Step-by-step explanation:
The subject of this question revolves around understanding the precautions and guidance provided to a patient who is being discharged on oral potassium replacement therapy. Among the statements given by the patient, the one that indicates the need for further teaching by the nurse is "I will continue to use salt substitutes to flavor my food." This is of concern because most salt substitutes contain potassium chloride and could potentially lead to hyperkalemia when combined with potassium supplements. The patient should be educated on the proper management of potassium intake through diet and medication.
When it comes to making an intravenous (IV) delivery of 0.5% KCl for a patient with hypokalemia, it's not as simple as taking a pre-made IV bag from the supply cabinet. Instead, an aide would need to prepare the correct dilution using a sterile solution and a concentrated stock solution of KCl, performing a dilution calculation to reach the desired concentration.

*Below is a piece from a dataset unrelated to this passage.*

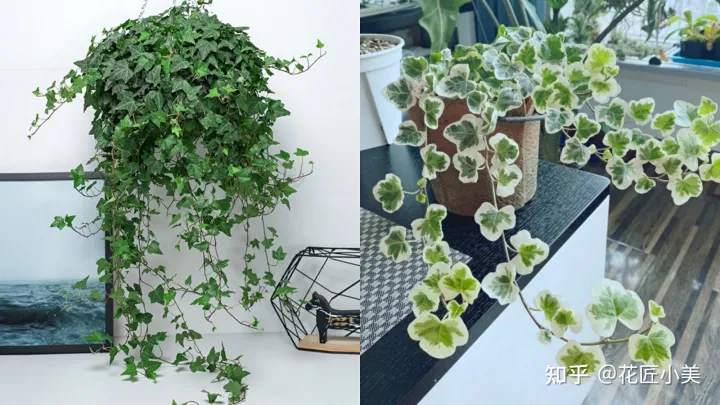 养花带给你什么样的乐趣,人养花三年,花养人一生!家居盆花100种,总有你喜欢的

If the nurse is discharging a patient on furosemide, a diuretic, it's commonly prescribed for conditions like hypertension, where it acts on the loop of Henle and inhibits the reabsorption of Na+ and Cl-, effectively reducing blood pressure. Concurrently, taking nonsteroidal anti-inflammatory medications occasionally for arthritis pain could affect kidney function and alter potassium levels, which warrants caution. Furthermore, the patient is advised to read food labels for added potassium to ensure that they are maintaining the correct dietary balance of this mineral, with the recommended daily potassium intake being 4700 mg.